[Captioned web images]
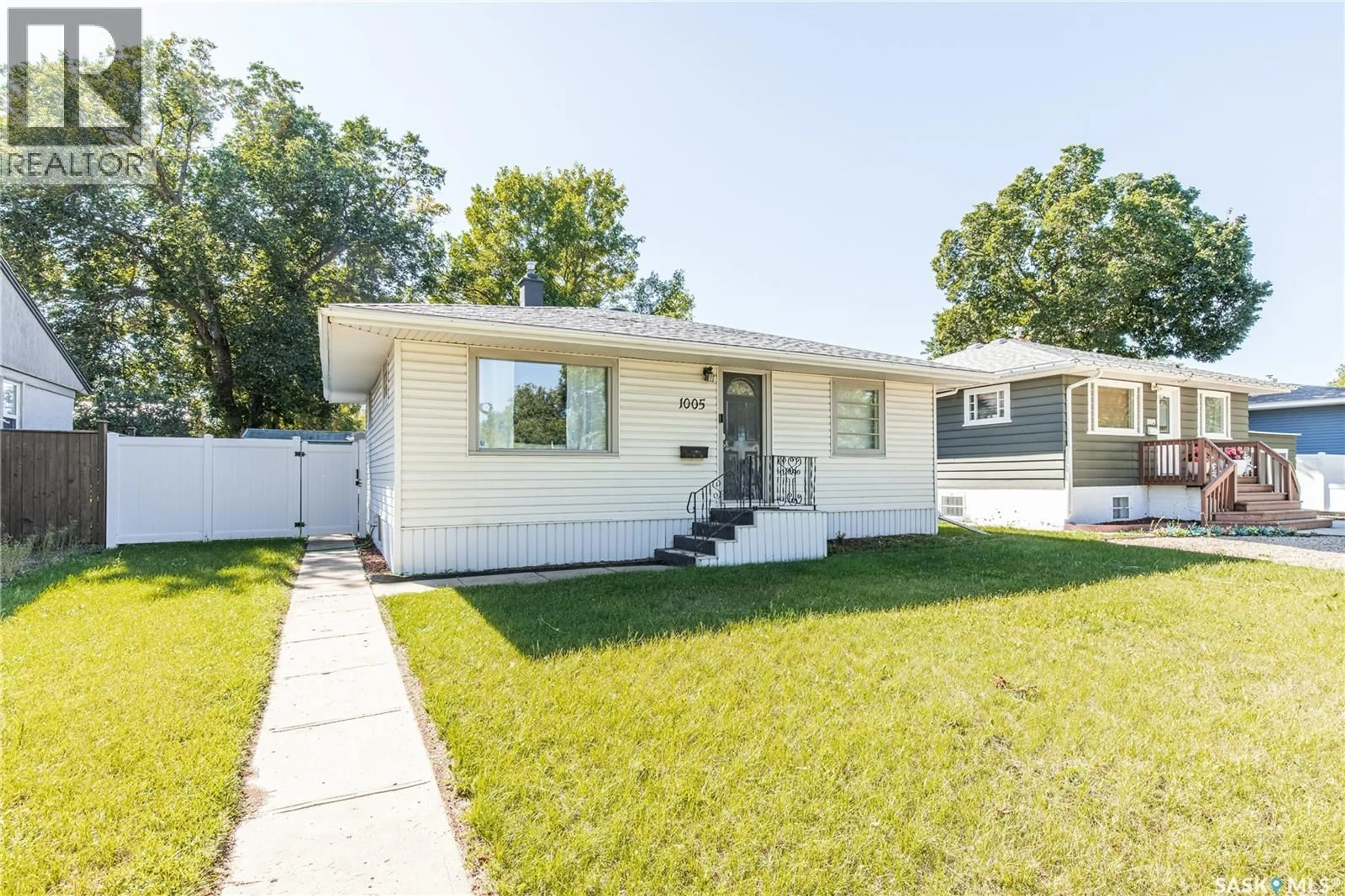 Home with vinyl exterior material, street for 1005 COTEAU STREET, Moose Jaw Saskatchewan S6H5G3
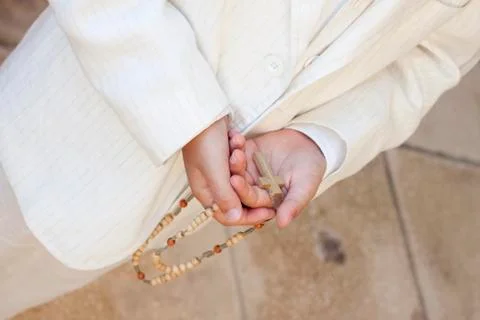 Boy holding cross Stock Photos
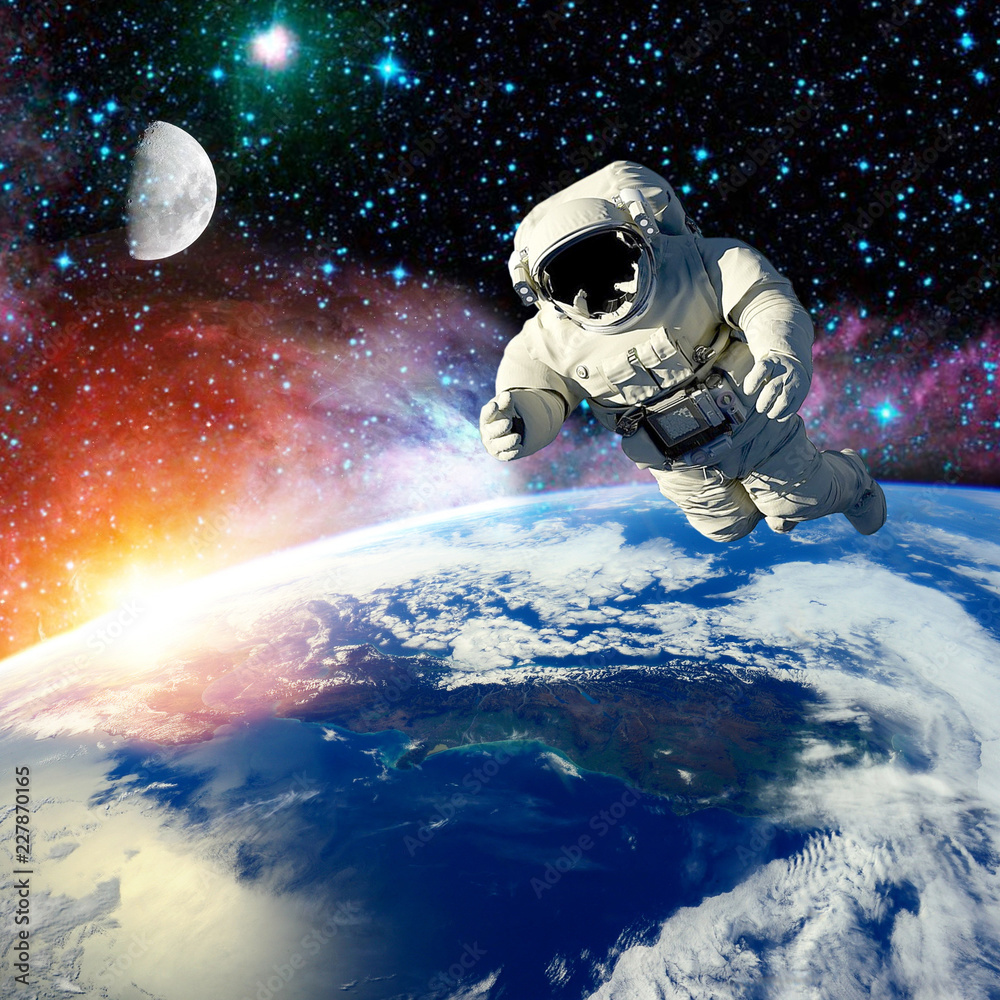 Fototapeta premium the astronaut fliing outer space.elements of this image furnished by NASA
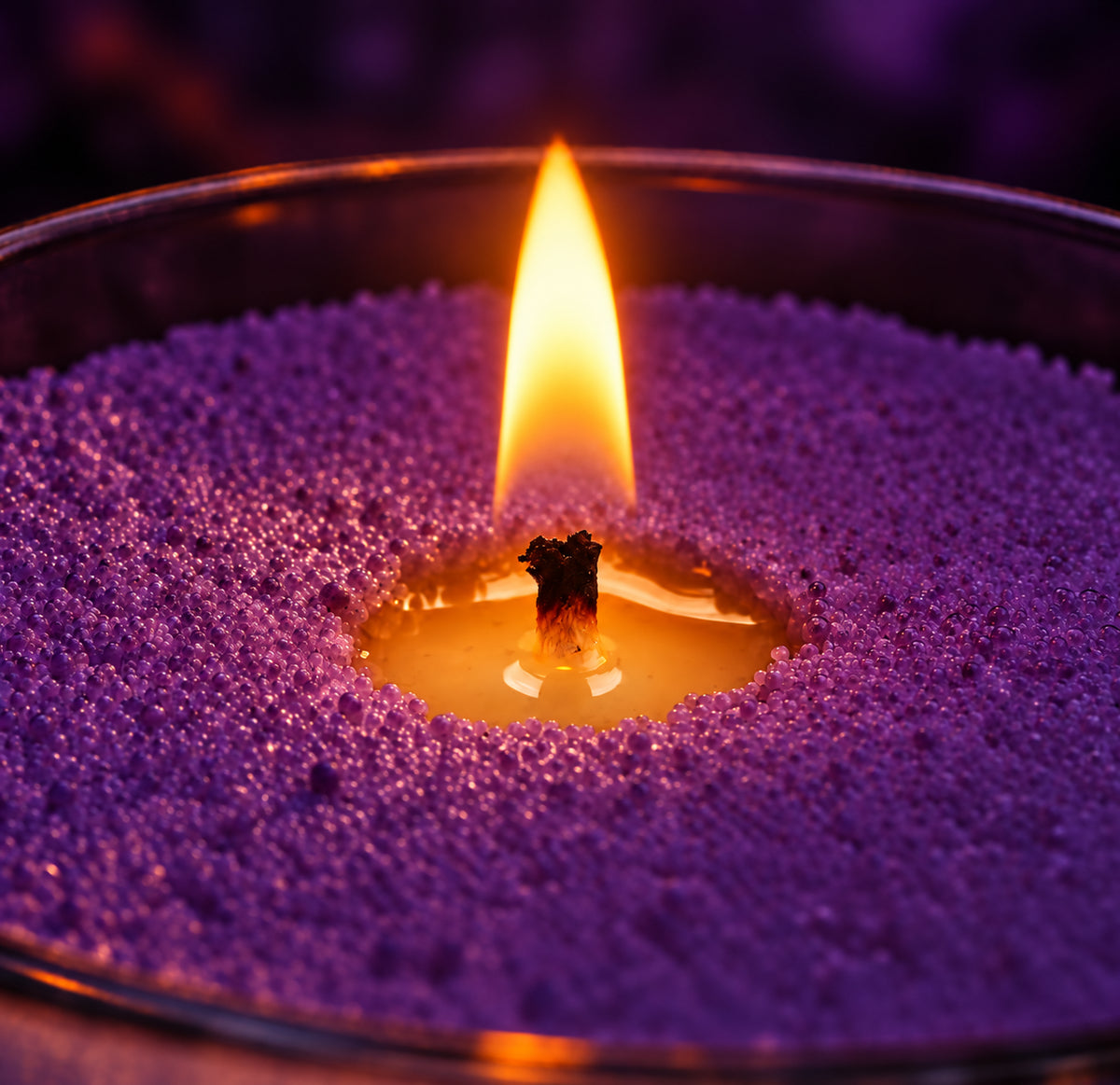Close-up of a flame burning in purple wax pearls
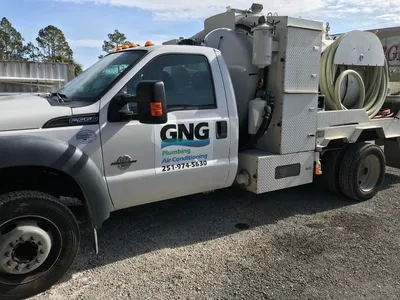 vacuum truck with hydrojetter used to pump and clean sewer lift stations and grinder pump basin
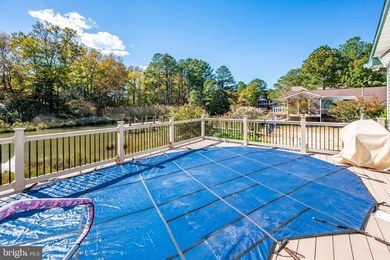 Welcome to this stunning single-level waterfront rancher in on Ocean Pines Golf and Country Club in Maryland - for sale on GolfHomes.com, golf home, golf lot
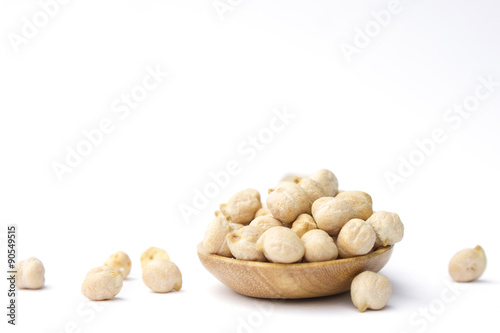 Chick peas on wooden spoon isolated on white background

**Task to complete:** The lines from the one containing "Close-up of a" through the last line of the records are what you should copy, word for word and nothing else, with pictures left out.

**Answer box:**
Close-up of a flame burning in purple wax pearls
 vacuum truck with hydrojetter used to pump and clean sewer lift stations and grinder pump basin
 Welcome to this stunning single-level waterfront rancher in on Ocean Pines Golf and Country Club in Maryland - for sale on GolfHomes.com, golf home, golf lot
 Chick peas on wooden spoon isolated on white background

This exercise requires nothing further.